-- MATERIAL FOR THIS TASK --
[Start of Attachment]
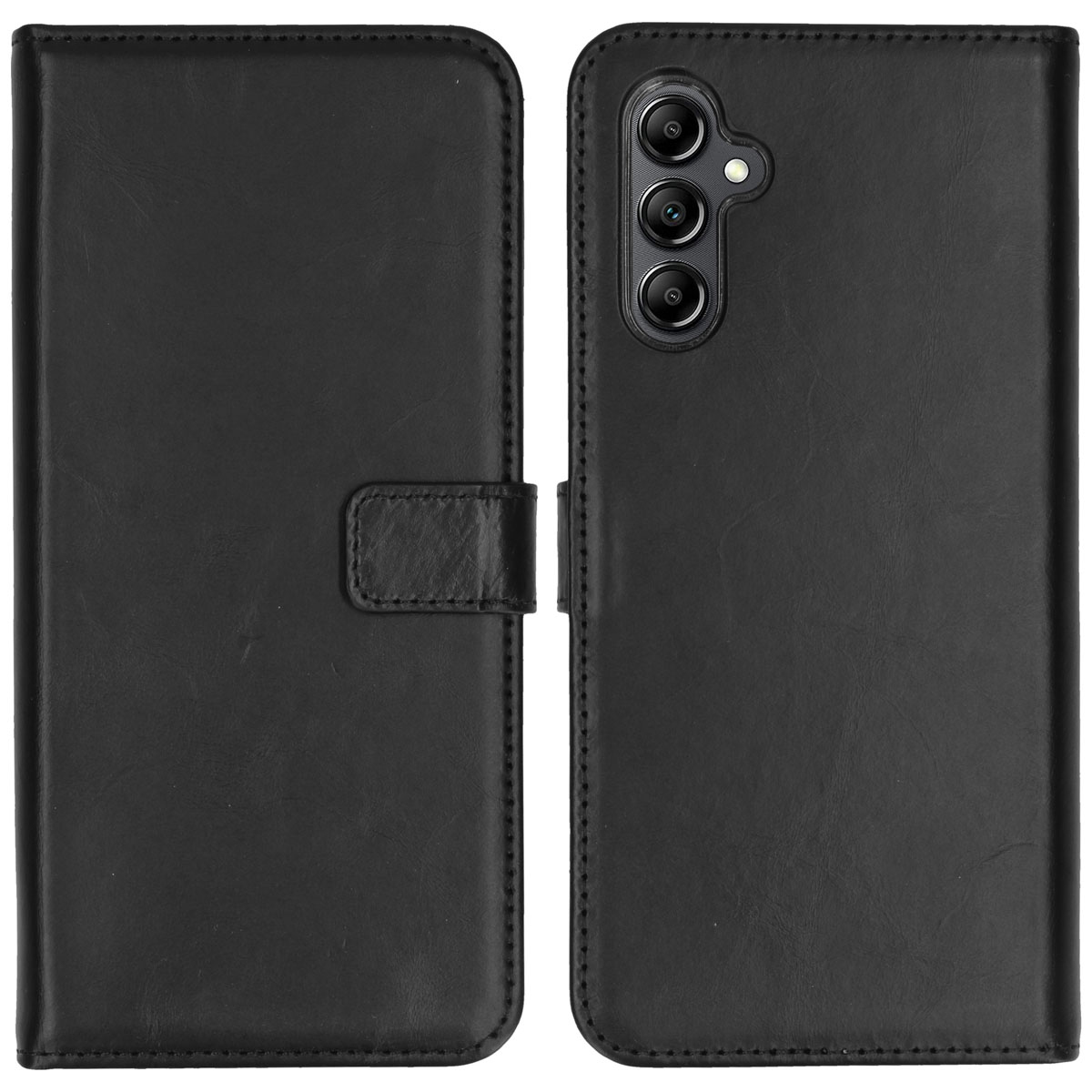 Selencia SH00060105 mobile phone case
[End of Attachment]
[Start of Attachment]
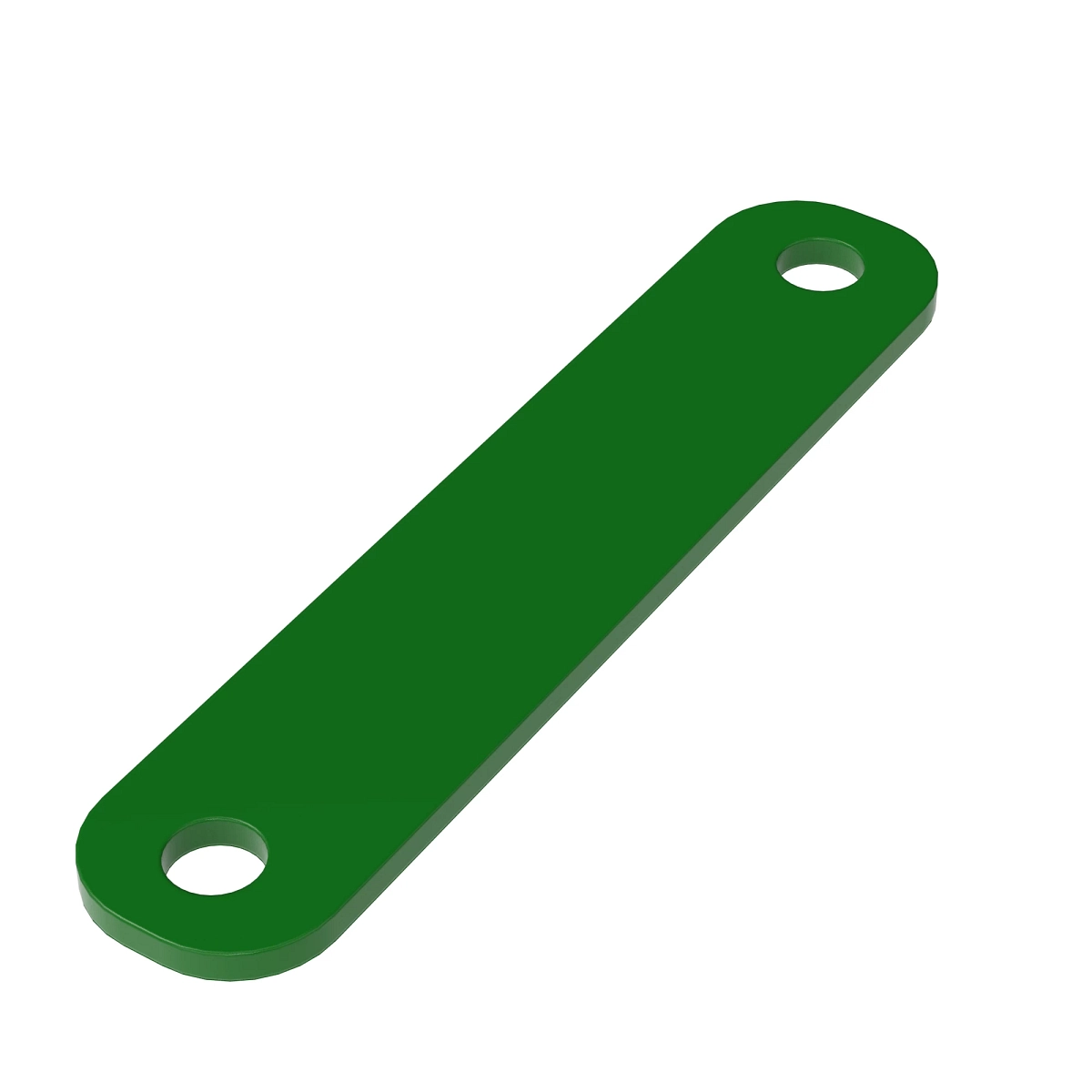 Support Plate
[End of Attachment]
[Start of Attachment]
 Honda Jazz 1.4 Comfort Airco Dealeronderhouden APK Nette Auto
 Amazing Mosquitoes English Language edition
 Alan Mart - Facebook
[End of Attachment]
From the records above, print only the lines between the one holding "Amazing Mosquitoes English Language edition" and the one holding "Alan Mart - Facebook", inclusive, exactly as they stand.

 Amazing Mosquitoes English Language edition
 Alan Mart - Facebook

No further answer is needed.